Setting up Nutch 2.1 with MySQL to handle UTF-8

2019-03-27 00:49|来源: 网路

原文地址: http://nlp.solutions.asia/?p=180

These instructions assume Ubuntu 12.04 and Java 6 or 7 installed and JAVA_HOME configured.

Install MySQL Server and MySQL Client using the Ubuntu software center or sudo apt-get install mysql-server mysql-client at the command line.

As MySQL defaults to latin (are we still in the 1990s?) we need to edit sudo vi /etc/mysql/my.cnf and under [mysqld] add

innodb_file_format=barracuda
innodb_file_per_table=true
innodb_large_prefix=true
character-set-server=utf8mb4
collation-server=utf8mb4_unicode_ci
max_allowed_packet=500M

The innodb options are to help deal with the small primary key size restriction of MySQL. Restart your machine for the changes to take effect. The max_allowed_packet option is so you don’t run into issues as your database and the pages you store in it get larger.

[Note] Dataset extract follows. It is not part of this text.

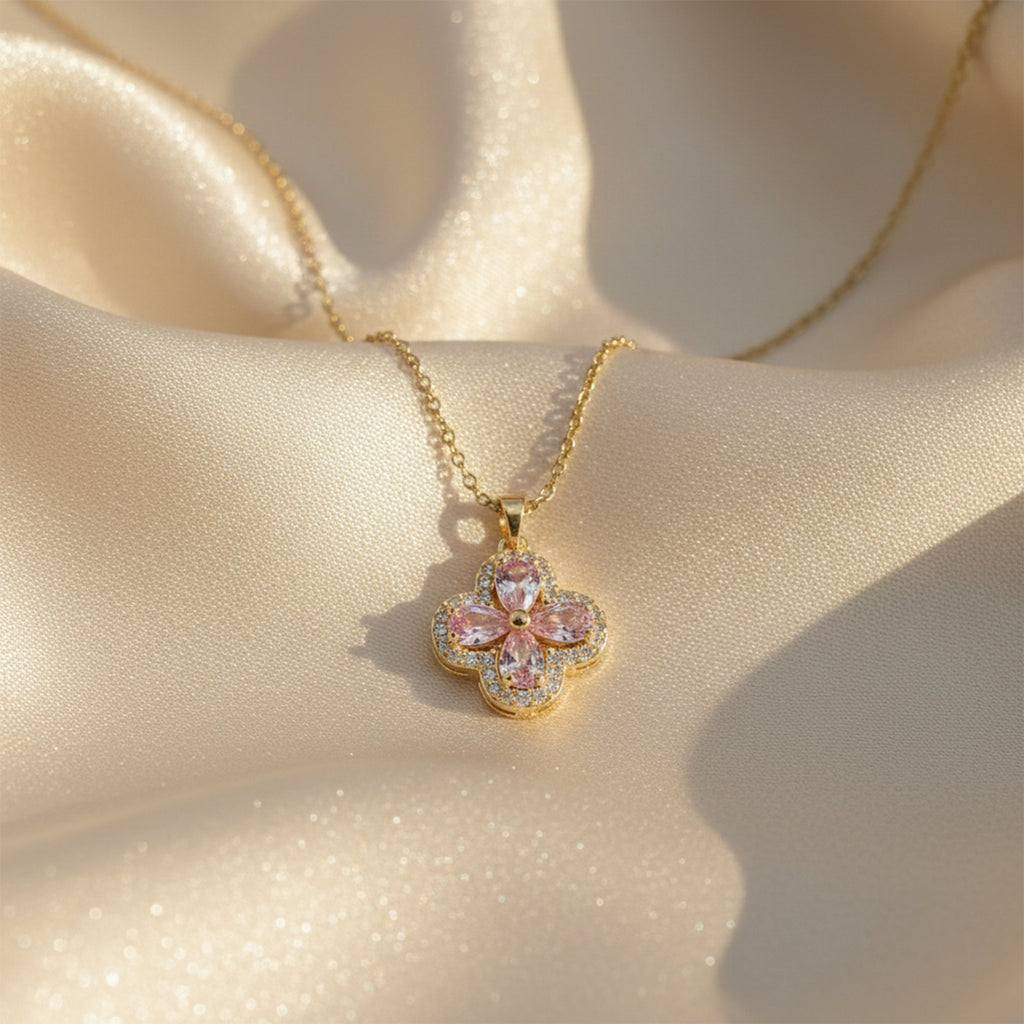 Pink Blossom Stone Pendant Necklace GWN -109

Check to make sure MySQL is running by typing sudo netstat -tap | grep mysql  and you should see something like

tcp        0      0 localhost:mysql         *:*                     LISTEN

We need to set up the nutch database manually as the current Nutch/Gora/MySQL generated db schema defaults to latin. Log into mysql at the command line using your previously set up MySQL id and password type

mysql -u xxxxx -p

then in the MySQL editor type the following:

CREATE DATABASE nutch DEFAULT CHARACTER SET utf8mb4 DEFAULT COLLATE utf8mb4_unicode_ci;

and enter followed by

use nutch;

and enter and then copy and paste the following altogether:

CREATE TABLE `webpage` (
`id` varchar(767) NOT NULL,
`headers` blob,
`text` mediumtext DEFAULT NULL,
`status` int(11) DEFAULT NULL,
`markers` blob,
`parseStatus` blob,
`modifiedTime` bigint(20) DEFAULT NULL,
`score` float DEFAULT NULL,
`typ` varchar(32) CHARACTER SET latin1 DEFAULT NULL,
`baseUrl` varchar(767) DEFAULT NULL,
`content` longblob,
`title` varchar(2048) DEFAULT NULL,
`reprUrl` varchar(767) DEFAULT NULL,
`fetchInterval` int(11) DEFAULT NULL,
`prevFetchTime` bigint(20) DEFAULT NULL,
`inlinks` mediumblob,
`prevSignature` blob,
`outlinks` mediumblob,
`fetchTime` bigint(20) DEFAULT NULL,
`retriesSinceFetch` int(11) DEFAULT NULL,
`protocolStatus` blob,
`signature` blob,
`metadata` blob,
PRIMARY KEY (`id`)
) ENGINE=InnoDB
ROW_FORMAT=COMPRESSED
DEFAULT CHARSET=utf8mb4;

Then type enter. You are done setting up the MySQL database for Nutch.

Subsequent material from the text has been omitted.